# need advice on forming alum pieces



## joebiplane (Oct 7, 2011)

I want to make about 50 sets of formed aluminium pieces 
the first is basically a right angle with a small flat at the 90 degree corner  the second looks sort of like the copper bracket that is used to secure a water pipe to a wall or ceiling joist.
the clamps or pieces will be used to form a brake on 1/4 in alum tubes and allow to connect rectangular alum tubes perpendicular to the 1/4 in tubes running longitudinally 

project is a 1/4 scale fuselage of a home built aircraft (Murphy renegade)  and I want to mimic  the full scale construction methods and the extruded pieces Murphy used on the full scale  Actual miniature extrusions are  WAYYYYYYYY cost prohibitive
So much for history I am wondering what the best way to create a form  for the bending and what kind of press might be required... This is new territory for me and I am looking for a bit of advice  I have a horror freight 12 ton press   but I'm looking for ideas for the forms I will need to create  and Press  and  what material  to use for the form and I'm assuming  T-6 alum will be used for the parts i will be creating  at .030 or .050 thickness.
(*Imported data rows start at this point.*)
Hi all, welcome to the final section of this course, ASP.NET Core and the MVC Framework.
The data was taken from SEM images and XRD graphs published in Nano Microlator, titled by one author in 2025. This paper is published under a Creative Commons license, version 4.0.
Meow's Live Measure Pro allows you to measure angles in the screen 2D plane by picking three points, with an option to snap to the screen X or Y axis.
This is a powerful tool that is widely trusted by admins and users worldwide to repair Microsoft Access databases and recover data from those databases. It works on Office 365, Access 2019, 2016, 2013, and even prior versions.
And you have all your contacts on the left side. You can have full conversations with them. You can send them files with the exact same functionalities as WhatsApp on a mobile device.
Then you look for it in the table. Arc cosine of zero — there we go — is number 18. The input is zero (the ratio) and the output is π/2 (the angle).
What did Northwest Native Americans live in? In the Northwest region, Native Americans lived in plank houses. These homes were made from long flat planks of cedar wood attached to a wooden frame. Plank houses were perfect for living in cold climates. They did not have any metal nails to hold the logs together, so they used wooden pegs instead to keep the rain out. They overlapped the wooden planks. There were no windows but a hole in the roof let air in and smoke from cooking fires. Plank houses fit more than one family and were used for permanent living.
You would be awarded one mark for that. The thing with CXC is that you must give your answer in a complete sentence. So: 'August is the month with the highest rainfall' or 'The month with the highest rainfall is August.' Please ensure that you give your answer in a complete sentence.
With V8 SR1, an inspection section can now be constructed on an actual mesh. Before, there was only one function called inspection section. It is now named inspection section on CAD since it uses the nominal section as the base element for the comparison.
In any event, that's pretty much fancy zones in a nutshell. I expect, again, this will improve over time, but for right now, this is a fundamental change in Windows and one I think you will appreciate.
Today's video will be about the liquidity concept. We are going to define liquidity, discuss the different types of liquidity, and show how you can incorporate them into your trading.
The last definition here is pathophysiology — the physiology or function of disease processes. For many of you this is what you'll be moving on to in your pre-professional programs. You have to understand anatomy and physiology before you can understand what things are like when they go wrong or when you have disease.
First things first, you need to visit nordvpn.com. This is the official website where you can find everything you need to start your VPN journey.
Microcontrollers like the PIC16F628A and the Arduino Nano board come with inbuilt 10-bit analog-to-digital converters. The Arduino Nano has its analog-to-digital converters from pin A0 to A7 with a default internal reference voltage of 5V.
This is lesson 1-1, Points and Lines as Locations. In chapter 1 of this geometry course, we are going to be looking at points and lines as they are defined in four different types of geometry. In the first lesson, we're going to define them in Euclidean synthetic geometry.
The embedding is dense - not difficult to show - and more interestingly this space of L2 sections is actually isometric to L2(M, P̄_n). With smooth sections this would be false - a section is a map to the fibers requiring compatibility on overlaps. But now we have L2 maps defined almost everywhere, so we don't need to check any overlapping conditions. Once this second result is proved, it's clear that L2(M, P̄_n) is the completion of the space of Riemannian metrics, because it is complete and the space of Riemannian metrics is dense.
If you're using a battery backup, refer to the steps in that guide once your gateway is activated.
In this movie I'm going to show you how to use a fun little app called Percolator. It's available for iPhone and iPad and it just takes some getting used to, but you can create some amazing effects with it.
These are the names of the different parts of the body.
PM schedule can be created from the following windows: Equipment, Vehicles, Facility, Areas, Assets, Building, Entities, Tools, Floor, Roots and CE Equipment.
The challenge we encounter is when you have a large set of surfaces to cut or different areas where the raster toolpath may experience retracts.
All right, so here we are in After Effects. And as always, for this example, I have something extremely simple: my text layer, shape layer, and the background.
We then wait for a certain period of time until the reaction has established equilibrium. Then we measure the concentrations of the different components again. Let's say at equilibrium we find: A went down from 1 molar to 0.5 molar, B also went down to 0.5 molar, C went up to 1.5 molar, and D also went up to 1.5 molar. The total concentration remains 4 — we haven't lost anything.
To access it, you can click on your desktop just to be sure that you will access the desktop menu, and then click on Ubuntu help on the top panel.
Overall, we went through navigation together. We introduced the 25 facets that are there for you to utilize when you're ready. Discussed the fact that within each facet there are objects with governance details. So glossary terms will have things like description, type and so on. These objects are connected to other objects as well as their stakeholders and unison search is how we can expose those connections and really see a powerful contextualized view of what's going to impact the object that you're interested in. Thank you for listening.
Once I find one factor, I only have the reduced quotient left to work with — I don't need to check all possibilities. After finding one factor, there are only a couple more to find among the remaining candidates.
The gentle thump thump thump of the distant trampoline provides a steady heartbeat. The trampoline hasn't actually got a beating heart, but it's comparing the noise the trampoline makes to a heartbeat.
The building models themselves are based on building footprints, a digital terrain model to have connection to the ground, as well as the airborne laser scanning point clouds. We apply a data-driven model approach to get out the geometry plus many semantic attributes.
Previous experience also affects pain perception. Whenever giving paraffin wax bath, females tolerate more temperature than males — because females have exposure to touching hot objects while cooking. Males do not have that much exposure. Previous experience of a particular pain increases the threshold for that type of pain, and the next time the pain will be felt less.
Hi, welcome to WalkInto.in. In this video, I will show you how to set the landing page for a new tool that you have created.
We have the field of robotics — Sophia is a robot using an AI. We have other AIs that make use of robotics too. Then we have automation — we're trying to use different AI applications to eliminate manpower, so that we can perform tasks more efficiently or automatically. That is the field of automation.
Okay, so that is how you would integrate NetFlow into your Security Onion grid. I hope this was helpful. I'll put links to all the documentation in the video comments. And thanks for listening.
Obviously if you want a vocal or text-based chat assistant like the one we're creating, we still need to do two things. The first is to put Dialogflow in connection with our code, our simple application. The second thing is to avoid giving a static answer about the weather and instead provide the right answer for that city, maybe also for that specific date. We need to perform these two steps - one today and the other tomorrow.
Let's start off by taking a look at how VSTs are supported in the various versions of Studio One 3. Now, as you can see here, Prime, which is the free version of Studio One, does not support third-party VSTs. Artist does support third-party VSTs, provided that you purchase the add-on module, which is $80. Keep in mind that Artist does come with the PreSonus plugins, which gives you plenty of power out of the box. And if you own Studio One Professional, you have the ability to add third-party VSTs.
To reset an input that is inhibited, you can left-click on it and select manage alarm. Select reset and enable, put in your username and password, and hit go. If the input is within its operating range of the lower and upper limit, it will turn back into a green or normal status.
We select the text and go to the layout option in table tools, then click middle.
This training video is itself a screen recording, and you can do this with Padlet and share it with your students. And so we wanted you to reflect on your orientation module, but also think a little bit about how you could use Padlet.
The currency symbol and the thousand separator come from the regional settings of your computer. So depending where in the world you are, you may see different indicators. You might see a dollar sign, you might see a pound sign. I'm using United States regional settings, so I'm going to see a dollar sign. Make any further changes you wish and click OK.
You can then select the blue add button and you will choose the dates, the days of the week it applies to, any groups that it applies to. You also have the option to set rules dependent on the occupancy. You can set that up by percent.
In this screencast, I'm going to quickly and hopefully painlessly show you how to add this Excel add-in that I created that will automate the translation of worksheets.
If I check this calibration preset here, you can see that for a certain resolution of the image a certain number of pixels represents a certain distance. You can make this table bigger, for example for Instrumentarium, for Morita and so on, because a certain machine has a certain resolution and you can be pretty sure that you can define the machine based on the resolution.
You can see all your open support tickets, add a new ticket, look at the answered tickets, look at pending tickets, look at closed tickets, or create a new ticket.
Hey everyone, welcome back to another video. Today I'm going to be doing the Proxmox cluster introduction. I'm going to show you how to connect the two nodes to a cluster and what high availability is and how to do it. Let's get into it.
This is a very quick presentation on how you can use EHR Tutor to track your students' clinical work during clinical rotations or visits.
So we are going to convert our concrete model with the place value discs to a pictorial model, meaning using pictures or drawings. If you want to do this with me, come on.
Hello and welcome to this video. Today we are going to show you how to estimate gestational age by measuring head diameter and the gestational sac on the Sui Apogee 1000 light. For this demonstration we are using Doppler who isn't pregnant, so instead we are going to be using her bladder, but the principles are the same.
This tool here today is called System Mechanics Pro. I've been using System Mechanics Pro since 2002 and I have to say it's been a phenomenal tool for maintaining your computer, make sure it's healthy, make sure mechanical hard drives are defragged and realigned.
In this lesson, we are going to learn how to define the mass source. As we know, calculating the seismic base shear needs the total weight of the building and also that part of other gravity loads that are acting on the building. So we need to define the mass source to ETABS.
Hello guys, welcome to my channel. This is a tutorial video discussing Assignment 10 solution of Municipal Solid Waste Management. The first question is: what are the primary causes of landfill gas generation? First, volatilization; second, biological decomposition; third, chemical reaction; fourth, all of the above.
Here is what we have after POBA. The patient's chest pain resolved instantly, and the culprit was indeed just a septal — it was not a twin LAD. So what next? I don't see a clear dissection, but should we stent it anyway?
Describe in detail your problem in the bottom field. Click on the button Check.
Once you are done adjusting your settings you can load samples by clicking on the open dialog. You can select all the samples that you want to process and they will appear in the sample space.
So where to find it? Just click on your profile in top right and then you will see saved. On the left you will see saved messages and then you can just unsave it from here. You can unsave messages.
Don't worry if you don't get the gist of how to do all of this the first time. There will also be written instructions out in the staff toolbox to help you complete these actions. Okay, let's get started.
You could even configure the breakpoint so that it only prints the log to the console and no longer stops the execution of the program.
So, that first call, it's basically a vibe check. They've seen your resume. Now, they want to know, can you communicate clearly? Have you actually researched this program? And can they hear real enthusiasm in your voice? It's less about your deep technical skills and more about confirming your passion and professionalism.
I will need to experiment on that matter
Any ideas ???????????
Thanks....As always....  Joe


----------



## Tony Wells (Oct 7, 2011)

Here is a guide on aluminum grades:

http://www.universal-stainless.com/agrades.html

There are several that lend themselves to forming, some require heat treatment after forming to achieve their ultimate strength.

Your 12 T press will be plenty. Forming dies like you want are simple to make. Just remember to smear some lube on the strips. You will need to buy strips of the proper width, or if you have a shear, shear them up prior to forming.


----------



## bvd1940 (Oct 20, 2011)

joebiplane said:


> I want to make about 50 sets of formed aluminum pieces
> the first is basically a right angle with a small flat at the 90 degree corner  the second looks sort of like the copper bracket that is used to secure a water pipe to a wall or ceiling joist.
> the clamps or pieces will be used to form a brake on 1/4 in alum tubes and allow to connect rectangular alum tubes perpendicular to the 1/4 in tubes running longitudinally
> 
> ...



Dont try to reinvent the wheel just go to a site that sell dies and look at the specs, or Google specs for press brake dies, as for material use a machinable tool steel you can harden.
I know it a vague outline but kiss statement holds true for me. 
Good luck.
Bill in SE Idaho
One other thing aluminum has a soft side & hard side so if you bend inside bend on hard side you will have better luck.


----------



## awm_1 (Nov 26, 2011)

joebiplane said:


> I want to make about 50 sets of formed aluminium pieces
> the first is basically a right angle with a small flat at the 90 degree corner  the second looks sort of like the copper bracket that is used to secure a water pipe to a wall or ceiling joist.
> the clamps or pieces will be used to form a brake on 1/4 in alum tubes and allow to connect rectangular alum tubes perpendicular to the 1/4 in tubes running longitudinally
> 
> ...



Unless you have to use T6 for some other reason 2024T3 could  probably be formed without cracking. I used to form parts with forming blocks made as a positive of the form I wanted to duplicate made of phenolic or hard wood and a press. The block would be laid down first with the aluminum, sometimes taped to the block to prevent movement, then a heavy rubber (ours 2" thick) over that then pressed. The rubber would pressed closely against the forming block, forcing the aluminum to follow the form, worked well. Sometimes had to tweek the block or add lube if something didn't fill in or the rubber tore the aluminum. Do you have a drawing of what you want to form maybe I could look it over and guesstimate a form.

Wayne


----------



## Hawkeye (Nov 26, 2011)

Joe, the 90* pieces can be hammered over in a vise. I'd suggest rounding over a piece of angle iron (as vise jaws) to use on the inside of the bend, just so the bend doesn't end up too tight. Aluminum is sensitive to stress cracking if it gets abused in bending. The other pieces (in the absence of pictures) sound like there are no tight bends, so wrapping around a suitable pipe or rod should work.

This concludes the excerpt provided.